By Kevin C. Murphy, Copyright 2013. All Rights Reserved.
I. The Bourne Legacy
Nothing if not prescient, Randolph Bourne's words have become an epitaph for the Progressive Era in the decades since his untimely death in 1918.3 Indeed, with very few exceptions, the standard, textbook interpretation of American history dates the end of the progressive movement to the postwar turmoil of 1919 and 1920, culminating in the election of Warren G. Harding and a mandate for Normalcy.4 Over the next decade, so the story goes, the nation entered a New Era marked by conservatism, consumerism, and cultural conflict, three C's for which the progressive ideology of yore seemed wholly inadequate and obsolete.5 Progressives, at the center of American political life prior to the Great War, became victims to the cruel disillusion of un-fulfillment -- They were, as one historian framed the prevailing tale in 1959, "stunned and everywhere in retreat along the entire political front, their forces disorganized and leaderless, their movement shattered, their dreams of a new America turned into agonizing nightmares."6 And only after the earth-shattering tumult of the Great Depression, nine years hence, would a revived and rethought liberal creed rise again to national prominence, like a phoenix from out the ashes of progressive despair.

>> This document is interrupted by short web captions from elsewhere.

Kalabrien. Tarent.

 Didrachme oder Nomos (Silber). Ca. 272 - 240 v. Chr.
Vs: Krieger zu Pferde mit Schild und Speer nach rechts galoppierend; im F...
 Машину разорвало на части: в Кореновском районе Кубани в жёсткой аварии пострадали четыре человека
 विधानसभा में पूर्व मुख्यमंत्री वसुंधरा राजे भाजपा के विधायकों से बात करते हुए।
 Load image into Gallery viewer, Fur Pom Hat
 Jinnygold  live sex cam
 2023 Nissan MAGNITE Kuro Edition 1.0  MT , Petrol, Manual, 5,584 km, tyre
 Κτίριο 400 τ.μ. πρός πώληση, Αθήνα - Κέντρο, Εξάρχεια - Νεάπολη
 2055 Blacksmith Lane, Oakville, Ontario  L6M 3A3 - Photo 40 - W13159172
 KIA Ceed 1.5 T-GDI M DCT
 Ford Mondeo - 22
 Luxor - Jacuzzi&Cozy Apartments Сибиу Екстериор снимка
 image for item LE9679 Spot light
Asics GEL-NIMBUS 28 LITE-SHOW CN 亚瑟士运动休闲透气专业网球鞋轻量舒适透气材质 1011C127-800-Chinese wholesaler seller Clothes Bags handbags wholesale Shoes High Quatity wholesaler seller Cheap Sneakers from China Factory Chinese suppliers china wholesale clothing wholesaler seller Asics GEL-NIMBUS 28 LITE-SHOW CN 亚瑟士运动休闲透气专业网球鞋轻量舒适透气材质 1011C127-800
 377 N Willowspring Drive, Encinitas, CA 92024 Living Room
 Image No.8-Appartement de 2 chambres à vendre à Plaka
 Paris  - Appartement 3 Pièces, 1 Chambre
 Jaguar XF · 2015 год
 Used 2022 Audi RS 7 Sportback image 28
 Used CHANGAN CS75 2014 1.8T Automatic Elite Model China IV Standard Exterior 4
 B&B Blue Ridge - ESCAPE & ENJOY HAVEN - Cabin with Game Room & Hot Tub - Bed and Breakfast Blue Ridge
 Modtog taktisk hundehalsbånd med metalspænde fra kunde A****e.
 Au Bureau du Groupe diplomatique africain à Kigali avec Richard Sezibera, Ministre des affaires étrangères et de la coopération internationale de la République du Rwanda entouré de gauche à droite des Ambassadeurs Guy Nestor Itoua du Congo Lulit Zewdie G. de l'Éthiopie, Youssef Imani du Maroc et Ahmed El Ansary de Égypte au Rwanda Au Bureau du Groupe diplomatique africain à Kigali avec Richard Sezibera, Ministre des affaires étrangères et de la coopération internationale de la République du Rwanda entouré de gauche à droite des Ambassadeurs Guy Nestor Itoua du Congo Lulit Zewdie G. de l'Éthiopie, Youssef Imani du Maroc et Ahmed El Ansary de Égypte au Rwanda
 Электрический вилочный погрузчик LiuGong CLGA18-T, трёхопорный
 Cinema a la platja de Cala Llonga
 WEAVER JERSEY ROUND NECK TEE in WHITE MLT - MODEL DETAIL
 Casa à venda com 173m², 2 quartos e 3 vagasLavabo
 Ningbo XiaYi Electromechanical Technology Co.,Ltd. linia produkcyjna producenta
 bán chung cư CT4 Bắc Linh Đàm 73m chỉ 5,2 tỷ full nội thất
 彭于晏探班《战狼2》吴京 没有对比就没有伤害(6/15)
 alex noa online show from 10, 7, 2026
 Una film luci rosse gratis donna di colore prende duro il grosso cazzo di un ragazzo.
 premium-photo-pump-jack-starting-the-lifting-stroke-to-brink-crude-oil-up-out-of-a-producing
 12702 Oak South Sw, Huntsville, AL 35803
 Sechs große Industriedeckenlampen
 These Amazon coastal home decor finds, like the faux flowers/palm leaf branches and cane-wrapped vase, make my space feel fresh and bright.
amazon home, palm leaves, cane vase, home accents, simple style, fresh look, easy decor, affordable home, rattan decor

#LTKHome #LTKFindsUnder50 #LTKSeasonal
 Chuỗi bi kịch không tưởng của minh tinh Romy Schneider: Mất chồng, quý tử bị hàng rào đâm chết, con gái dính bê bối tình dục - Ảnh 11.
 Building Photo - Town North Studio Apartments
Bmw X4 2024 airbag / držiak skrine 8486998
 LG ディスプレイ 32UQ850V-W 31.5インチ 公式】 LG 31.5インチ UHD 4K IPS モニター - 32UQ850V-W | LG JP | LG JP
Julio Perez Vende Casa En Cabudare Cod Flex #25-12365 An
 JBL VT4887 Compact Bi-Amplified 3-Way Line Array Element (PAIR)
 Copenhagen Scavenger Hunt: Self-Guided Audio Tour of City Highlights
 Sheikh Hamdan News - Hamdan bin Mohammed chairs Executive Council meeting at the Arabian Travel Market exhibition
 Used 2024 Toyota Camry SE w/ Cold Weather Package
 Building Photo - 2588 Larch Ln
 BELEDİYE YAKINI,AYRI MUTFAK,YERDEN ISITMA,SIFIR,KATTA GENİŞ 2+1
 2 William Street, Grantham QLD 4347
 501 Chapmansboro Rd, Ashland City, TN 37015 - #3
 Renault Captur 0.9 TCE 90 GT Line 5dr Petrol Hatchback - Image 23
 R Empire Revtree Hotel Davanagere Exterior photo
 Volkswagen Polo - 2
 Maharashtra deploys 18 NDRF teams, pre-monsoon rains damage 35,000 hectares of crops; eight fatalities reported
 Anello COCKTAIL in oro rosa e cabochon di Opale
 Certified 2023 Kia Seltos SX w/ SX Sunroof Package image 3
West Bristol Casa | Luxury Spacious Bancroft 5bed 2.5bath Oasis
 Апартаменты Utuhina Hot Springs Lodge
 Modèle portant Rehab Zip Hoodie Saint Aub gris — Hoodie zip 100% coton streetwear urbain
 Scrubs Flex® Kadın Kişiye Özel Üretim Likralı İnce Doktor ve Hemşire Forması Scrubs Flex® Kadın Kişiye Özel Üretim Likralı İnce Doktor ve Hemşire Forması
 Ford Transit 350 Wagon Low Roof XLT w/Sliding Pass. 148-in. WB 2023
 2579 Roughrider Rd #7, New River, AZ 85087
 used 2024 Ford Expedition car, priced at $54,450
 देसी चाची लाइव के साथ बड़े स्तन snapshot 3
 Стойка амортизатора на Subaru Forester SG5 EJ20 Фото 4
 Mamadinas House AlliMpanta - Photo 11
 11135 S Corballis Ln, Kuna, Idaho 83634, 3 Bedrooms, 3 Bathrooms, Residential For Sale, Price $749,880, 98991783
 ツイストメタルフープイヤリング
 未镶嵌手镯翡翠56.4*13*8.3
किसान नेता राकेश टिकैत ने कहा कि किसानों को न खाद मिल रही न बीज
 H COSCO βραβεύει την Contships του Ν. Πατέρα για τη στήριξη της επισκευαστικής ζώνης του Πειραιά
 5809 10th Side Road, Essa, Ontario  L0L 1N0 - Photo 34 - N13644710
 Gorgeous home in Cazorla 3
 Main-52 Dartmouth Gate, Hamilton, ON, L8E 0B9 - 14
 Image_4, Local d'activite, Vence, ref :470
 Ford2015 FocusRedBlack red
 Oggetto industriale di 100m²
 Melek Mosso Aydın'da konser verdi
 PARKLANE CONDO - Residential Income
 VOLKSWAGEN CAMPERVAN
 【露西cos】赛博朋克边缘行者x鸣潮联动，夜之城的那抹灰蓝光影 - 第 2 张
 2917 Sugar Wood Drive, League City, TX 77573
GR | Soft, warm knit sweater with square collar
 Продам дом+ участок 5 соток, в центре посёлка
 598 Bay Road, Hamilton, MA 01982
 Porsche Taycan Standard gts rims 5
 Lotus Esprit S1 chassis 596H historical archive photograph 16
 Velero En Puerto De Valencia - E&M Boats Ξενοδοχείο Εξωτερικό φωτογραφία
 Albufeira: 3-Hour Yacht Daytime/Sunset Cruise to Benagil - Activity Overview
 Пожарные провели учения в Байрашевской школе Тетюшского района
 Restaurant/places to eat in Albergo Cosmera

It makes for a good story, and, like most neat narrative conventions of synthesis, there is indeed much truth to it. Clearly, many Progressive contemporaries saw events as such: In 1920, Senator Hiram Johnson lamented "the rottenest period of reaction that we have had in many years." Harold Ickes reflected seven years later that 1927 still "isn't the day for our kind of politics." And Progressive luminary Jane Addams looked back at the entirety of the Twenties as "a period of political and social sag."7
And, yet, the progressive experience from 1919-1929, while perhaps primarily a declension narrative, deserves to be further explored. In the words of Ellis Hawley, "[d]elving beneath the older stereotypes of 'normalcy' and 'retrenchment,' scholars have found unexpected survivals of progressivism."8 Indeed, as historian Leroy Ashby notes of the first election cycle after Harding's victory, "the 1922 campaigns seemed positive proof that the progressive movement was regaining some of its prewar vigor," with a number of progressive candidates in Congress and gubernatorial races, such as Burton Wheeler, Gifford Pinchot, Al Smith, and Fiorello LaGuardia, defeating their more conservative opposition. (Indeed, after the election returns, The New Republic went so far as to declare "Progressivism Reborn.")9 And, while the failed third party bid of Robert La Follette in 1924 saw progressivism "fragmented, leaderless, and far removed from the optimism that had followed the 1922 election," America's choice for President in 1928 nevertheless consisted of two candidates with some progressive credentials, Secretary of Commerce Herbert Hoover and Governor Al Smith of NewYork.10
Noting this discrepancy between narrative and evidence in 1959, historian Arthur Link suggested in his essay "What Happened to the Progressive Movement in the 1920's?" that "perhaps it is high time that we discard the sweeping generalizations, false hypotheses, and cliches that we have so often used in explaining and characterizing political developments from 1918 to 1929...When we do this we will no longer ask whether the progressive movement was defunct in the 1920s. We will only ask what happened to it and why."11
With Link's fifty-year-old challenge as a guide stone, and with an eye to all the broader and exciting new lines of inquiry that have opened in American history since, this study aims to reexamine the fortunes of progressivism in the decade from 1919 to 1929. How were prominent progressives impacted by the experiences of the immediate post-war era? How did they navigate their way through the 1920s? What causes did they take up and what contributions did they make to the politics of the period? And, perhaps most importantly, what sort of rhetorical and ideological transformations were progressives forced to make to keep their ideology practicable and relevant in an age of consumer culture and cultural conflict?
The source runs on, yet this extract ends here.